# Candrnow's CCBT Log Part 2



## candrnow (Jun 15, 2010)

Hello all. I started a log last summer in this forum but abandoned it in November. Here's the link, for those who are interested:

http://www.socialanxietysupport.com...ccbt-log-for-overcoming-social-anxiety-96418/

As for an update, things have been going well lately. After group therapy ended, I stopped doing CT & BT out of laziness, which didn't end up being a wise decision. A lot of the social anxiety came back. It was better than when I had started group, but worse than compared to the point during group at which I had my most success.

Recently, I started doing CT again. I don't do CT from the OSA workbooks (nor do I listen to the CDs), but I have wrote a few things on notecards and I read them regularly to myself.

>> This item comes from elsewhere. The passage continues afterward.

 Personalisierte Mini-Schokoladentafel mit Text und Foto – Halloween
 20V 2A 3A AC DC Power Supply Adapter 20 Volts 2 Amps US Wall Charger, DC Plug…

I want to come to like who I am, but I do not want to change my perceptions to do this. I do not want to accept myself. I want to change until I like who I have BECOME.
To be who you want to become, you have to take a leap of faith & ACT like it every single day. PERSISTENCE!
You can become anybody you want. You can have any trait you want. Go get it. YOU have the power.
Have confidence in who you are and more importantly, who you WANT to BECOME.
Push doubts out of your mind. They are ANTs (LIES!) and NEVER do you any good.
You will feel discouraged; things will get tough. Sweep that "under the rug" or toss that out of the house entirely. PERSIST!
Meditate and contemplate regularly!
Keep catching those ANTs!
Your contempt for your perceived "fakeness" or "falseness" is an ANT and a huge lie!

An important development in my CT compared to Dr. Richards' stuff is that I no longer accept my fate as someone with SA. I do NOT accept being a coward. I want to like who I am, but I do not want to adjust my perceptions of my acceptance of myself to accomplish this. Rather, I want to CHANGE myself. I want to BECOME someone I can like. At the same time, I accept the fact that I will stumble along the way. I think it is theoretically absolutely possible to achieve my this goal though as long as I do not fall into a cycle of cowardice. I have to read my notecards every day and contemplate and think about this stuff regularly. This is a major reason why I am starting this log up again.

--------------------------------

One challenge I currently am facing is this deal with a girl. She is in two of my classes and on Friday, she invited to go hang out with her friends out of the blue. In terms of my social anxiety, I thought it was a really big step forward for me. I talked to a lot of people I met that day without much anxiety, just being myself really. Even accepting the invitation was a big step for me. So actually, now that I think about it, this was a gigantic success.

The PROBLEM is:

I am terrified of being awkward around her now. I REALLY want to just be super comfortable around her and regard her as a friend I can talk to. Another thing: I had a crush on her. Even though I told myself early on that it wasn't a true crush and that it was an "SA crush" (I had those feeling for her because of the SA, not because there was any really good reason to have a crush on her), those feelings pop up from time to time, making things more difficult.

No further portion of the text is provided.